Canonical Text Services identify and retrieve passages of text cited by canonical reference. Citations are expressed as CTS URNs. Text passages are structured in XML that can be validated against some schema or DTD.
Where CTS URNs define a permanent notation for citing texts, independent of any technology, Canonical Text Services provide a network service that can equate XML documents with the work referred to by a CTS URN, and can retrieve a well-formed XML fragment for a passage referred to in a CTS URN.
The Canonical Text Services protocol defines interaction between a client and a server program using the HTTP protocol: clients submit requests, with parameters included as HTTP GET parameters; the CTS response is structured in XML validating against the CTS reply schemas. While a user could therefore interact directly with a CTS by pointing a web browser at URLs formed according to the CTS specification, the purpose of the service is to provide services to software that recognizes CTS URNs.
The vocabulary of requests (highlights summarized below) allows a client to discover metadata about the collection of texts served by a specific CTS instance, as well as to retrieve passages of text.
The server's metadata catalog, called a "text inventory," identifies a means (such as a Relax NG schema) for validating the XML realization of a document, and describes how the canonical citation scheme of the CTS URN maps on to the XML representation.
Version 3 of CTS introduced three important changes. First, in CTS 3, documents may validate against any standard method chosen by the service's administrator, such as Relax NG schemas, XML schemas, or DTDs. As part of this change, CTS 3 now supports XML namespaces. Second, different parts of a document may be cited using different citation schemes. (E.g., a preface might be cited differently from the main body of a work.) Third, an optional extension that implementations may choose either to support or ignore deals with the topological relation of URNs. (For more information, see URN topology.)
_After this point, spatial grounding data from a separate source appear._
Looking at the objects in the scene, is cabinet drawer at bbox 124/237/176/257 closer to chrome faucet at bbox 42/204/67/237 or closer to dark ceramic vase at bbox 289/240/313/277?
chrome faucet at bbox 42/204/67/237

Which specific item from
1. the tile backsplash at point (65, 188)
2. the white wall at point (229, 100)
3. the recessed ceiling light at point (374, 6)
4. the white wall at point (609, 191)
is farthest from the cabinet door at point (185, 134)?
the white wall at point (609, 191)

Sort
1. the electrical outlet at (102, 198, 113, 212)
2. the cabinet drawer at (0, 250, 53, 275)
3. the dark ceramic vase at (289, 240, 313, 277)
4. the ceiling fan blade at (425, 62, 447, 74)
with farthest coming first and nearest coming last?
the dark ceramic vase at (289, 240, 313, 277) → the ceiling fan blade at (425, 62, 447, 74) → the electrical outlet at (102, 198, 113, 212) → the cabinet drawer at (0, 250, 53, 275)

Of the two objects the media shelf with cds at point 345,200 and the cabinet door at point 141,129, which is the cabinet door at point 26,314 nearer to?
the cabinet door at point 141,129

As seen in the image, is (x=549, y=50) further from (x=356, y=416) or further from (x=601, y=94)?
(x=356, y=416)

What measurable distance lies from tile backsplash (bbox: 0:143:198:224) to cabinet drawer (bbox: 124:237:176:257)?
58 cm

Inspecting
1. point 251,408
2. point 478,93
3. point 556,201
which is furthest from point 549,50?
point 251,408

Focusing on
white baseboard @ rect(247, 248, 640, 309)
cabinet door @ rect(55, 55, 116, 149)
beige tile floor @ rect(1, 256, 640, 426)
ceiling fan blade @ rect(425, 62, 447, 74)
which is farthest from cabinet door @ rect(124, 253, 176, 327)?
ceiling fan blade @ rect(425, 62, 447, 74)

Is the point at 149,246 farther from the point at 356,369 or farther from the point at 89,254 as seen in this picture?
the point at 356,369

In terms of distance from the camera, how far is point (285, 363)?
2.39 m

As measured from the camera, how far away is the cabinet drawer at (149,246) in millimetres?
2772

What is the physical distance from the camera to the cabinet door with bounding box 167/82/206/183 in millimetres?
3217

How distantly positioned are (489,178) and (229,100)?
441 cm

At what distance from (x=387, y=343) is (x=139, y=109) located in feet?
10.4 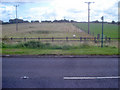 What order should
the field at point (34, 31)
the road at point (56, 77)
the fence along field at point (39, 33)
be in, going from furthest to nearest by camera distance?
the field at point (34, 31) → the fence along field at point (39, 33) → the road at point (56, 77)

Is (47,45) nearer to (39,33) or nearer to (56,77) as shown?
(56,77)

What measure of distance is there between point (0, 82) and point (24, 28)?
91.4 feet

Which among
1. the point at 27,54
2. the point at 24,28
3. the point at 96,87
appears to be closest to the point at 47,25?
the point at 24,28

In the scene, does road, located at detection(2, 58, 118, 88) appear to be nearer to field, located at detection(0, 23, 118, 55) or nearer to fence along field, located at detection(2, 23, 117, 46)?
field, located at detection(0, 23, 118, 55)

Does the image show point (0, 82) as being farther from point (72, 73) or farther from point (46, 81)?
point (72, 73)

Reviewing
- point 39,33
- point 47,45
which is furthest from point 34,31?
point 47,45

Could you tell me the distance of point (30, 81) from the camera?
23.0ft

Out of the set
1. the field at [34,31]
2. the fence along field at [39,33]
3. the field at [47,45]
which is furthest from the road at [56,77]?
the field at [34,31]

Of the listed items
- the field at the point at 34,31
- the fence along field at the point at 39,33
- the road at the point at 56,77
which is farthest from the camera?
the field at the point at 34,31

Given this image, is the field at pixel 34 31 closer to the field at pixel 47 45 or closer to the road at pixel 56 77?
the field at pixel 47 45

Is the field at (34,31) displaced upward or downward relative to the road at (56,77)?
upward

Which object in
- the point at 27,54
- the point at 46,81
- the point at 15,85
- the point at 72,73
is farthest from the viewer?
the point at 27,54

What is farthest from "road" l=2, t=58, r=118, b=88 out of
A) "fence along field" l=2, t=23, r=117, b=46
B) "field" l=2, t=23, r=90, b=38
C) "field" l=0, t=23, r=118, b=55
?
"field" l=2, t=23, r=90, b=38

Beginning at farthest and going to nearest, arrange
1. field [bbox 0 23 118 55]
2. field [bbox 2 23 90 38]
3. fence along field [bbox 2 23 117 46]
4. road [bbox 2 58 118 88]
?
1. field [bbox 2 23 90 38]
2. fence along field [bbox 2 23 117 46]
3. field [bbox 0 23 118 55]
4. road [bbox 2 58 118 88]
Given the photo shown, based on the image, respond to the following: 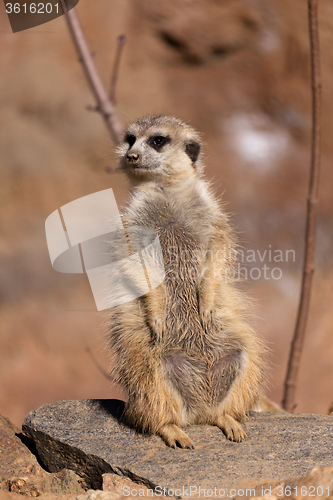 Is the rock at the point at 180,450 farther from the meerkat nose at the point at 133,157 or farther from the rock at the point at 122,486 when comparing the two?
the meerkat nose at the point at 133,157

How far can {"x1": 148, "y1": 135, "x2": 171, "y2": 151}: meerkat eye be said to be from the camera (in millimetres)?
1562

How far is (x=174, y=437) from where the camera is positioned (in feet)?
4.34

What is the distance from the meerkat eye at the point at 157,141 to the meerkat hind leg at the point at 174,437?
35.6 inches

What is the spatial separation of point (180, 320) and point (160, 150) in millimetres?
581

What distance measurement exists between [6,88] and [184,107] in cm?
112

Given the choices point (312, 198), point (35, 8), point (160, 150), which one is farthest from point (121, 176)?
point (312, 198)

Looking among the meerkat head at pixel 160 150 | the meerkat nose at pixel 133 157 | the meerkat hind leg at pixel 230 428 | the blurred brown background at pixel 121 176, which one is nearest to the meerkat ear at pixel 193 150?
the meerkat head at pixel 160 150

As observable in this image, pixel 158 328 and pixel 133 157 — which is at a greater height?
pixel 133 157

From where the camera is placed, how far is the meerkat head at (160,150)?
153cm

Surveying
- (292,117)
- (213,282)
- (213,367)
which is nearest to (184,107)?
(292,117) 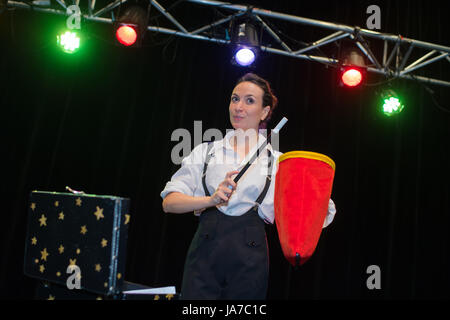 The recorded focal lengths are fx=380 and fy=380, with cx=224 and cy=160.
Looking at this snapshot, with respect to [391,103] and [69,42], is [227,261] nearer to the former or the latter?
[69,42]

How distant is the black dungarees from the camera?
4.62 feet

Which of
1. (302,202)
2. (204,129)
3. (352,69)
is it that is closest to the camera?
(302,202)

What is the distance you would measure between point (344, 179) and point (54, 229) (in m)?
3.39

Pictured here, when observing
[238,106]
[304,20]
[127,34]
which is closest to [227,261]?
[238,106]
Programs (and the programmers who write them) can interact with a CTS
using any of the nine defined requests. The request name is
always included in an HTTP parameter named
request; for all
requests
except the metadata request GetCapabilities,
a CTS URN is always included in an HTTP parameter named
urn. Consider this possible series of
exchanges between a client program interested in
hexameter poetry, and a CTS
at the address http://machine/service.
GetCapabilities: What texts does the
service include, and how do I cite them?
http://machine/service?request=GetCapabilities
The GetCapabilities request takes no
further parameters. The reply includes the complete
TextInventory, or metadata catalog, for the service.
From this information,
a client can determine everything the service
has to offer: what texts are online, what their
citation scheme looks like, whether the service supports
optional features such as URN topology.
(For more on the information included in a TextInventory,
see below.)
The following entry for a an edition of the Homeric
Hymn to Athena
includes the information that
the Homeric Hymns are text group tlg0013
in the greekLit CTS namespace, and
that tlg011 is the short Homeric Hymn
to Athena. (We could therefore identify this work succinctly with the CTS URN
urn:cts:greekLit:tlg0013.tlg011.)
It further tells us that the Hymn to Athena
is cited by poetic line, and that citation values
for poetic lines are encoded on the @n
attribute of the TEI schema's l element.
But how do we determine what line numbers are valid
references? For that, we can use the
GetValidReff request.
<textgroup projid="greekLit:tlg0013">
<groupname xml:lang="eng">Homeric Hymns</groupname>
<work xml:lang="grc-c" projid="greekLit:tlg011">
<title xml:lang="eng">Hymn to Athena</title>
<edition label="chs" projid="greekLit:chs01">
<online docname="tlg0013/tlg0013.tlg011.xml" srcid="OCT">
<validate schema="http://katoptron.holycross.edu/schemas/teip5/teip5core.rng"/>
<citationScheme canonical="yes" schemaId="poeticline"/>
<citationMapping defaultNSAbbr="tei">
<citation scope="/TEI/text/body" xpath="/l[@n = '?']" label="line"/>
</citationMapping>
</online>
</edition>
</work>
</textgroup>
GetValidReff: What citation values are valid?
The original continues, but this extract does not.